_What needs to be done:_ Starting with the line that contains "管與法蘭焊接機器人照片" and stopping after the line that contains "150 Diagonal Street", return each line below exactly as written, with no others.

_Dataset excerpts:_
▼

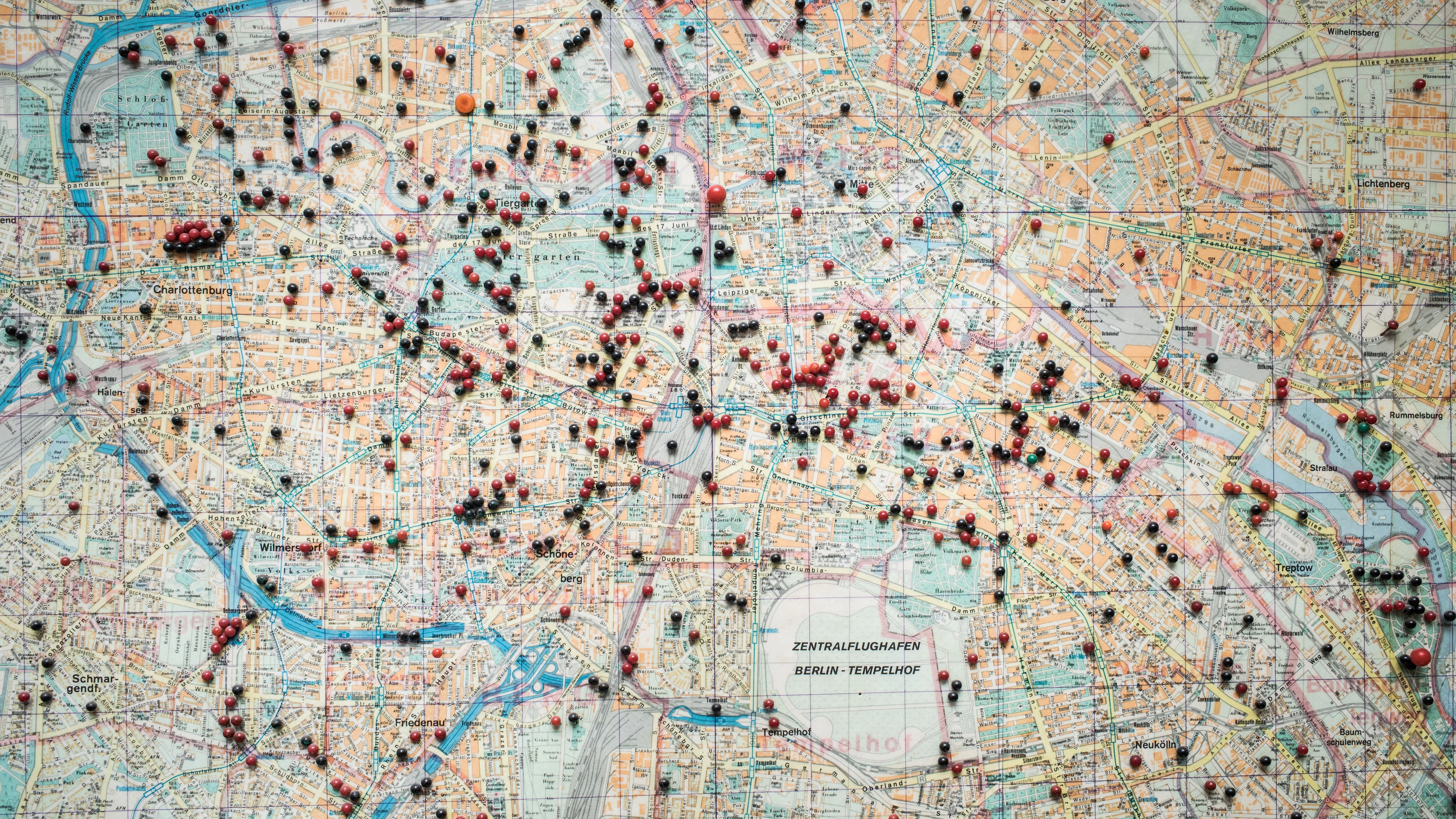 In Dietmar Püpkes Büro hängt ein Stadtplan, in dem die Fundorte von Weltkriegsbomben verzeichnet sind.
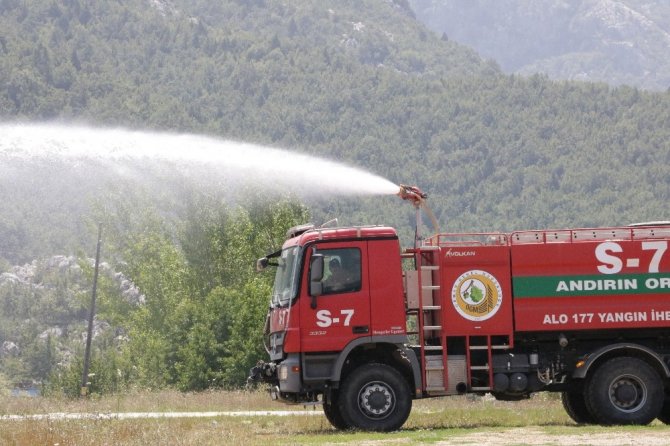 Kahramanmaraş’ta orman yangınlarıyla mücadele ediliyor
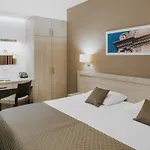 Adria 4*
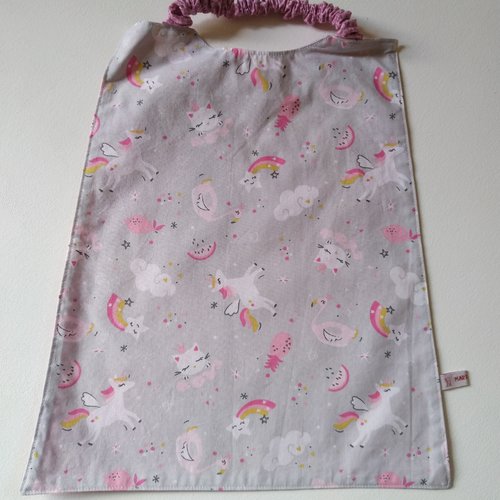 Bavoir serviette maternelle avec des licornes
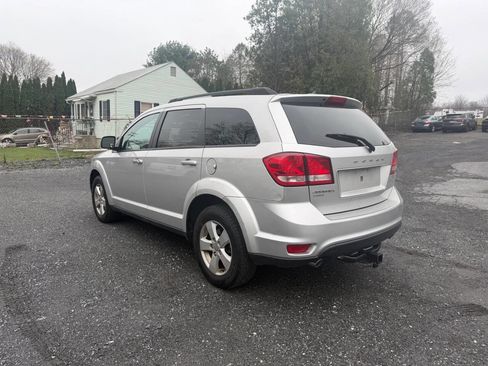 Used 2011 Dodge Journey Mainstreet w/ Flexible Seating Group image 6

▲
▼

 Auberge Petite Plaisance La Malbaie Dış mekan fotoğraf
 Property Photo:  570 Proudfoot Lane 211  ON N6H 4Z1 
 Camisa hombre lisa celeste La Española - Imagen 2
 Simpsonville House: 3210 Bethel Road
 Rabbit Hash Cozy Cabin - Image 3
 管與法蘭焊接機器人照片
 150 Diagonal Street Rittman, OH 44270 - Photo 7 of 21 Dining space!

▲
▼

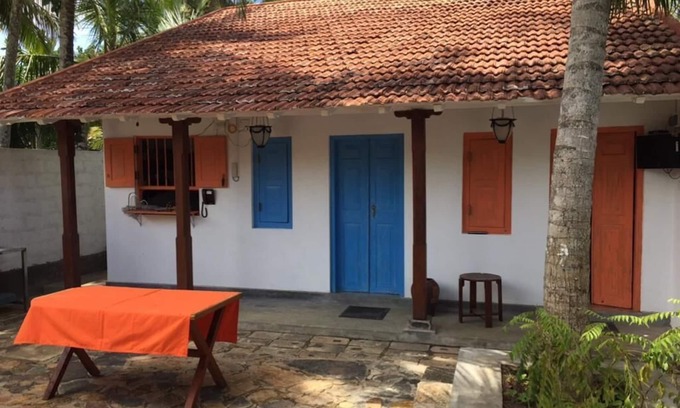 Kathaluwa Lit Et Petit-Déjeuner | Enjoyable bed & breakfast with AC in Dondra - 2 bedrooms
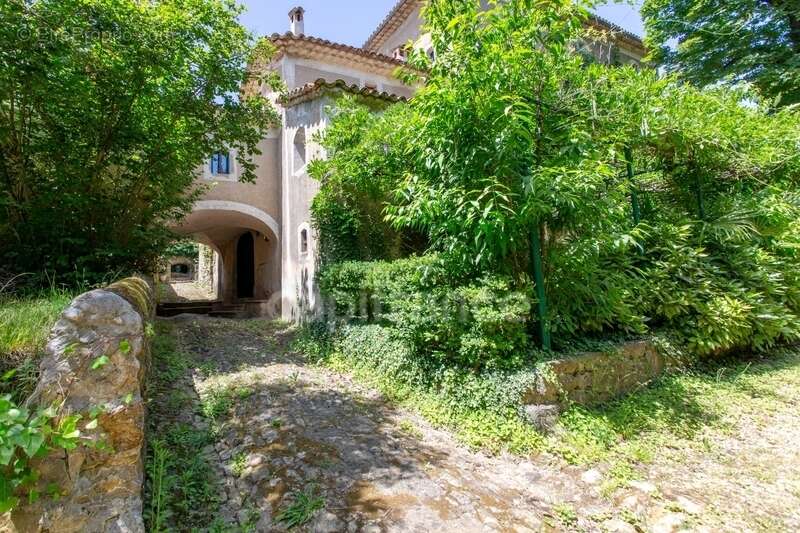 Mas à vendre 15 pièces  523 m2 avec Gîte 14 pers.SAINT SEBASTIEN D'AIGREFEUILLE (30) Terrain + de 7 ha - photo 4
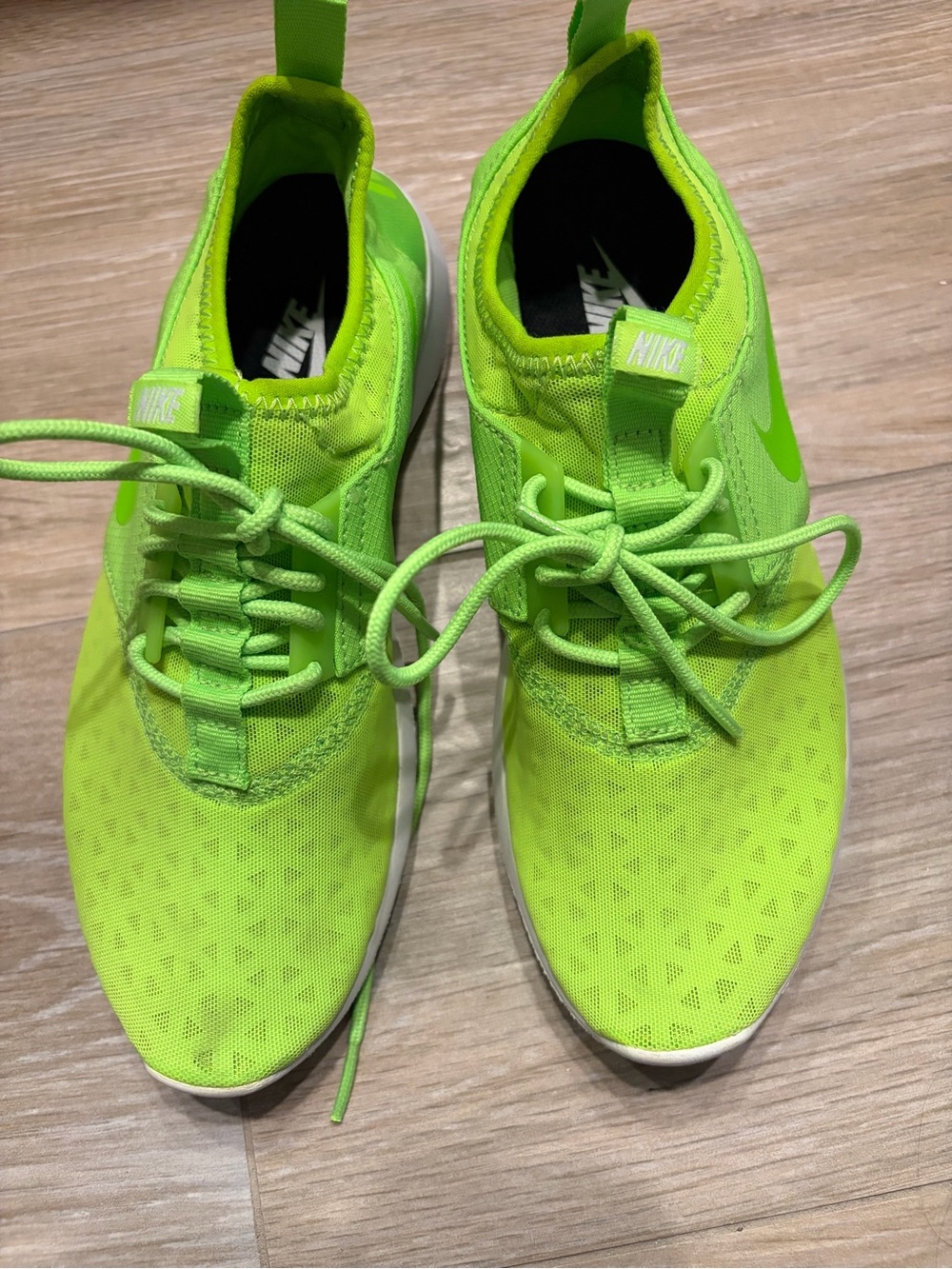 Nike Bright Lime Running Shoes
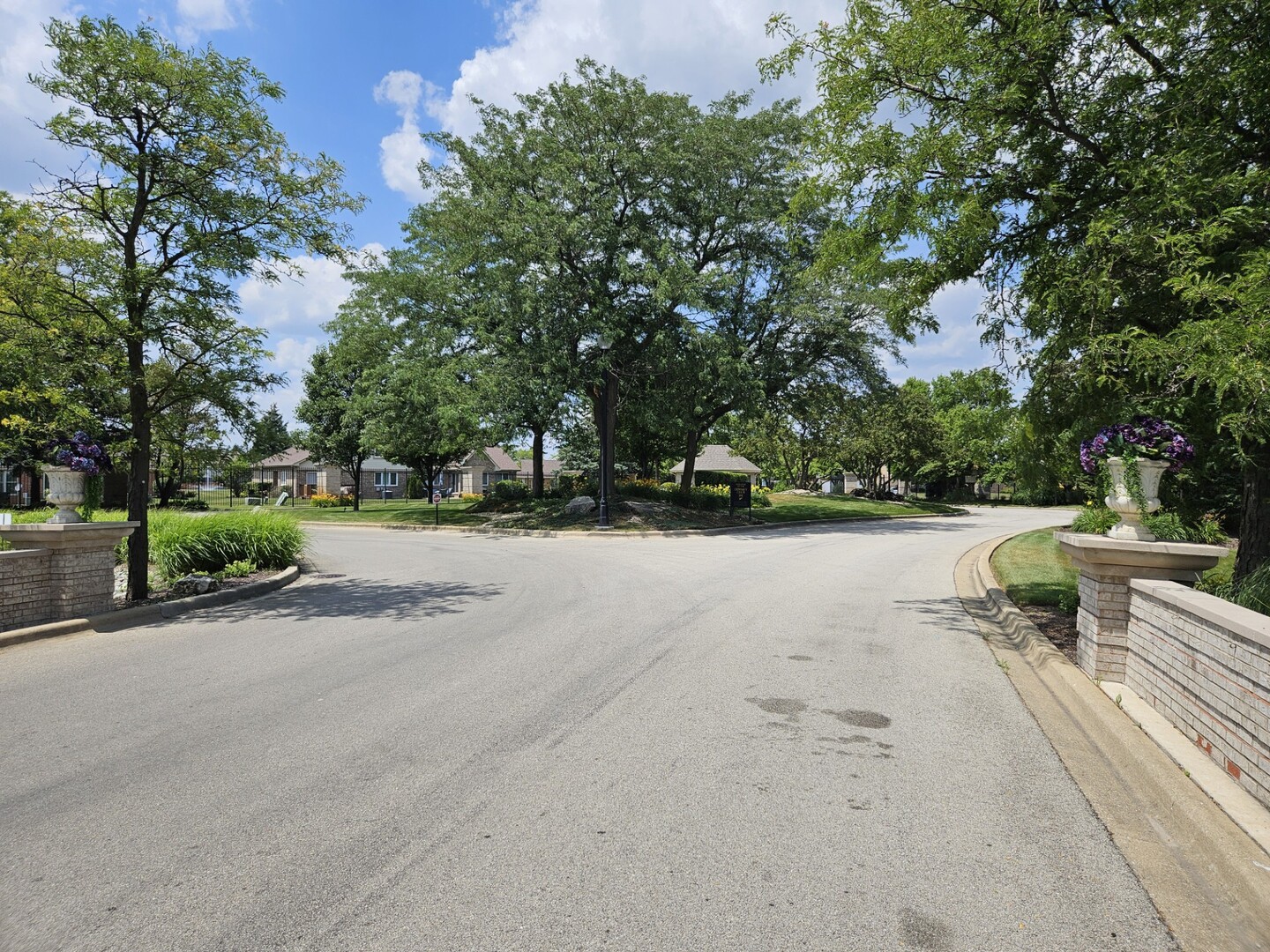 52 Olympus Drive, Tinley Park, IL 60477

▲

_Task output:_
 管與法蘭焊接機器人照片
 150 Diagonal Street Rittman, OH 44270 - Photo 7 of 21 Dining space!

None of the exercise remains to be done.